= Petr Taborsky =

Petr Táborský was the first person in the United States to be prosecuted in criminal court for stealing intellectual property. The property in question was research by a team Taborsky was part of while he was a student at the University of South Florida. Taborsky was eventually found guilty.

==Discovery==

In 1988, Taborsky was a chemistry student working at the University of South Florida as an assistant researcher on an unsuccessful project sponsored by Florida Progress Corporation. At the end of the designated research period, he claimed to have obtained permission from a dean in the College of Engineering to conduct his own experiments using a different approach, hoping to use the material for a master's thesis. His independent research at the university's lab led to an important discovery that could be applied to filter ammonia from polluted water.

Both the university and the Florida Progress Corporation claimed the invention as theirs because it was made using their laboratory. They also claimed that Taborsky was not entitled to any compensation for having made the discovery. Taborsky disagreed and responded by taking the research notes from the laboratory. He used these notes to apply for patent, which was awarded to him.

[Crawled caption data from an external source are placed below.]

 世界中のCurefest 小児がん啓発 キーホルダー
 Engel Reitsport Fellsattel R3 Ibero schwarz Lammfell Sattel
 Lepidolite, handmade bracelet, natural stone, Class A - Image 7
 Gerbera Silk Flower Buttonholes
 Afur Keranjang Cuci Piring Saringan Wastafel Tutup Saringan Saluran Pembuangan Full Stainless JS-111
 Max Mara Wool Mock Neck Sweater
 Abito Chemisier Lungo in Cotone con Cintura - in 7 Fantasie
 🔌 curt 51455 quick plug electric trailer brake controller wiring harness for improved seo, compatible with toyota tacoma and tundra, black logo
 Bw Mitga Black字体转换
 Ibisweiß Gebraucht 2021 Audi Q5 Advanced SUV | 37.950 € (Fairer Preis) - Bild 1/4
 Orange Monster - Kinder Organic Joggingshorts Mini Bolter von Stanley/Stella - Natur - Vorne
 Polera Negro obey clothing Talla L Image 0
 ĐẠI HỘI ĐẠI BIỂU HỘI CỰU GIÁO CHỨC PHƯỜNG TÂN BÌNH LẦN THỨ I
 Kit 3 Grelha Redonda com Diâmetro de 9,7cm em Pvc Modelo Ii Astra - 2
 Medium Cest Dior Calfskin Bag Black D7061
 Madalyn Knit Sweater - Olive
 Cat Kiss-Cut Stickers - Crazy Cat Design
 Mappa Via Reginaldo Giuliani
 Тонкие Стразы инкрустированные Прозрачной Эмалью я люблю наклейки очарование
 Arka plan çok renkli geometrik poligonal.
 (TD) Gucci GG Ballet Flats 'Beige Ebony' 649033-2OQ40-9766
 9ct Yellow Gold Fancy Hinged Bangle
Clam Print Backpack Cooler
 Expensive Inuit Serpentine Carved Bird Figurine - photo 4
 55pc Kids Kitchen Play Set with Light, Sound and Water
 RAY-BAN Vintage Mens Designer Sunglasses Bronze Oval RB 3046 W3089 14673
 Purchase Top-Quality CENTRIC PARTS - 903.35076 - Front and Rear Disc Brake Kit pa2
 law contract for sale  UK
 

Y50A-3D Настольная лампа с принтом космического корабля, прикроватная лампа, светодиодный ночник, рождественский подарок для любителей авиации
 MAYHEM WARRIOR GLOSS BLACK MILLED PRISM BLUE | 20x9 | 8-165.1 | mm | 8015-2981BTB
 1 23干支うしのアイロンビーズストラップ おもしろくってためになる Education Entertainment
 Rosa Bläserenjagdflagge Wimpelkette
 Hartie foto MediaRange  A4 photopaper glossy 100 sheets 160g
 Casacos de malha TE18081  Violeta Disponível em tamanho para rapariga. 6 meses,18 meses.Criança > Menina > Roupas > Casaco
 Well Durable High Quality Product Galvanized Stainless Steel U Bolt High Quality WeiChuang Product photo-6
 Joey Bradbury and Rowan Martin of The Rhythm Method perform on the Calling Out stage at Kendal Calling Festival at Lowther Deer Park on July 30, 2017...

==Criminal charges and conviction==

The university eventually brought criminal charges against Taborsky and in 1990 he was found guilty of theft of the university's intellectual property in the form of $20,000 worth of research and trade secrets. It was the first such case to be tried in the United States.

Taborsky refused to comply with a judge's order to transfer ownership of his patent to the University of South Florida, and in 1996 he was incarcerated in a maximum security state prison. After two months, he was transferred to a minimum-security work-release center. Although Taborsky was offered clemency by Governor Lawton Chiles, he declined, stating that this would be tantamount to admitting guilt.